At this time of year, even those who embrace winter the most begin to get tired of it – the cold and gray, shoveling, shivering, trudging and salt-encrusted everything.
But when a new snow storm comes in, I don’t care how long or cold the winter has been; I head out for a walk with my faithful friend.
The best time of day for this is late afternoon. The light – already thin in the northern hemisphere – gets filtered through an extra-deep layer of atmosphere as twilight approaches, and the storm clouds give everything a tinge of blue.
Combine that with the hush of falling snow, its creaky protest underfoot and the slight disorientation as it covers everything anew, a walk in a whiteout is my greatest seasonal pleasure. (My dog likes it too.)
I interrupted the reverie of the most recent such stroll with an effort to capture it in photos.
Below: My guide and a length of freshly-cleared sidewalk.
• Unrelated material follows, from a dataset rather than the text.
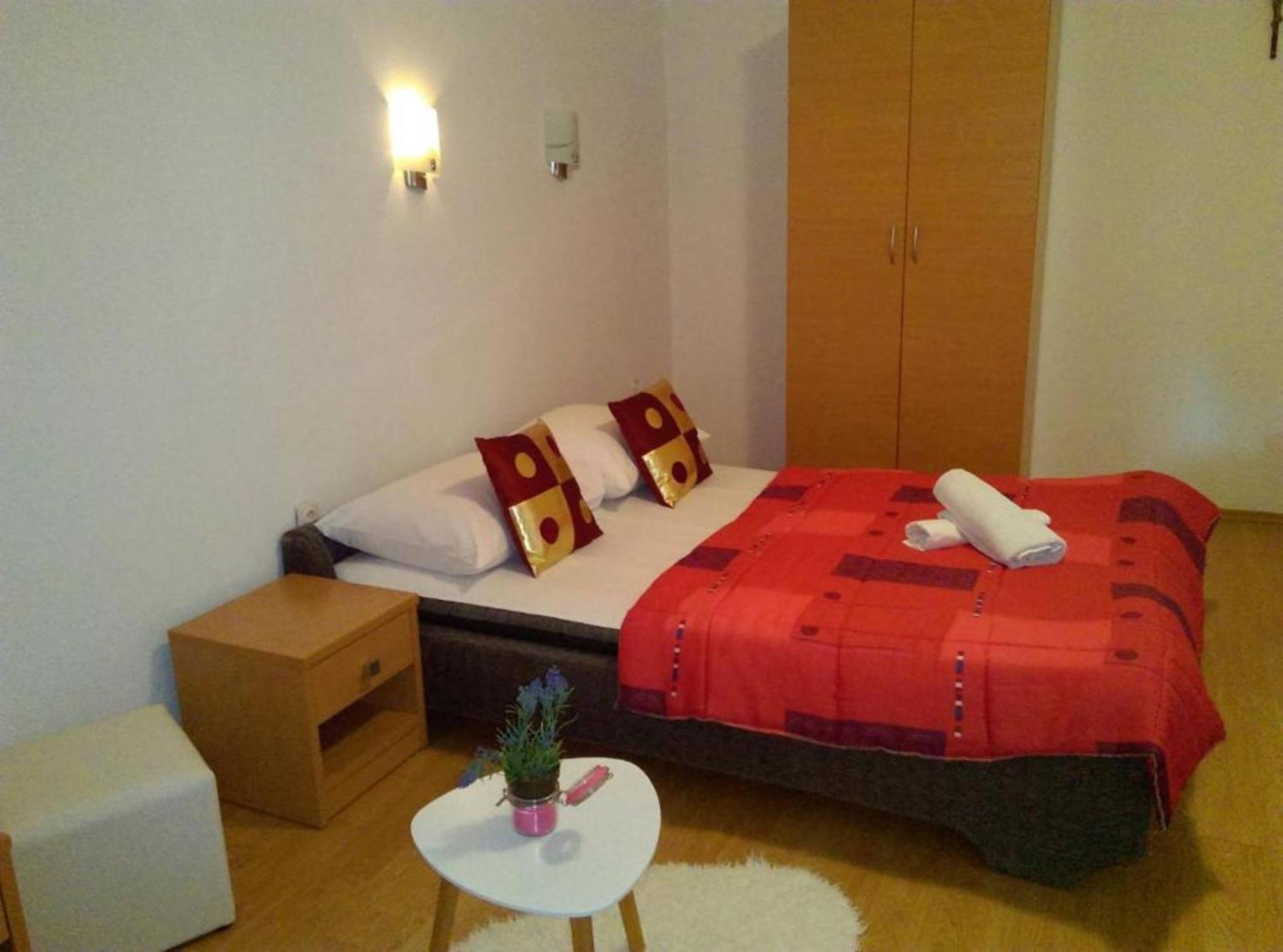 Pansion Viola Hotel Međugorje Kamer foto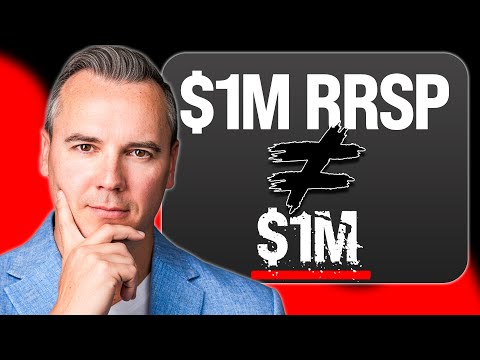 How to Spend Down a $1 Million RRSP Without Getting Crushed by Taxes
A rarity during a blizzard – except on certain streets in my neighborhood, where the residents dutifully keep entire blocks clear from the first snowfall to the last.
The snow – some new, and some left from a previous snowfall – sits on everything. It obscures the true shape of ordinary shrubs and trees and provides a surreal mix of sharp edges and soft curves – a smooth, fragile layer hiding chaos underneath.
Gates – portals to pretty yards and family activity – become lonely, idle outposts. The little piles on posts let you know which way the wind is blowing.
Familiar surroundings that I walk nearly every day close in around me and suddenly look foreign and mysterious.
My friend – driven more by his nose than his eyes – stops to remind me that all the good, interesting stuff is still there, underneath the snow and waiting to be investigated.
With the light at its flattest and bluest, holiday ornaments wearing fezzes of snow provide the only color. (What is the plural of fez?)
Winter changes perspective and reveals hidden relationships. I tried but failed to capture how things that seem remote or disconnected – like houses on opposites sides of the same block – are suddenly shown to be closely connected.
I look forward to those surprises, and after nearly 25 years walking four different dogs along the same streets, I still find surprising juxtapositions when the leaves come off the trees. It just requires mindful attention during what otherwise could be mindless exercise.
Here, two trees support at least three nests. I’ve seen more densely populated trees in the neighborhood – but they’re only revealed in winter, when leaves and birds alike are gone for the season.
Even ordinary – dare I say unattractive – structures that typically don’t draw much attention show themselves in new ways. Their contrast with the monochrome backdrop highlights shapes and contours that on any other day would be of little interest.
And where all else fails, icicles are always worth a second look.
Everything seems to come to a stop during a good, twilight snowstorm. But some jobs still need to get done. Like this lonely construction worker tasked with stopping what little traffic there is on a quiet side street …
…so the excavators could continue laying gas, water or sewer lines (I don’t know which) at the new home being built up the block.
The house began to go up in November, and the contractor rushed to get walls, roof and windows in place before the first snowfall. The excavators, it strikes me, could have picked a better couple days to tackle their part of the job.
I always look for vanishing roofs in the flat light of a winter storm.
Drifts encroach on a carefully shoveled entrance, while a patch of shrub – where nobody wants to walk – gets scoured clean.
Fade to white: Three paint jobs look like antiqued color swatches. How much of the difference is in the paint and how much is in the light? Hard to tell at this moment in time.
Some homes look like they were built specifically to be viewed through falling snow – like the house below. In fact, it was only painted blue last year. Before that it had always been light gray; so it shrunk to less impressive proportions in a snowstorm. (I took this photo on a different day.)
What’s more inviting at the end of a winter walk than home, lit up from the inside, promising warmth, family and a glass of whiskey.
planner says
Thanks for reminding us that our neighborhoods are beautiful in all seasons if we look hard enough.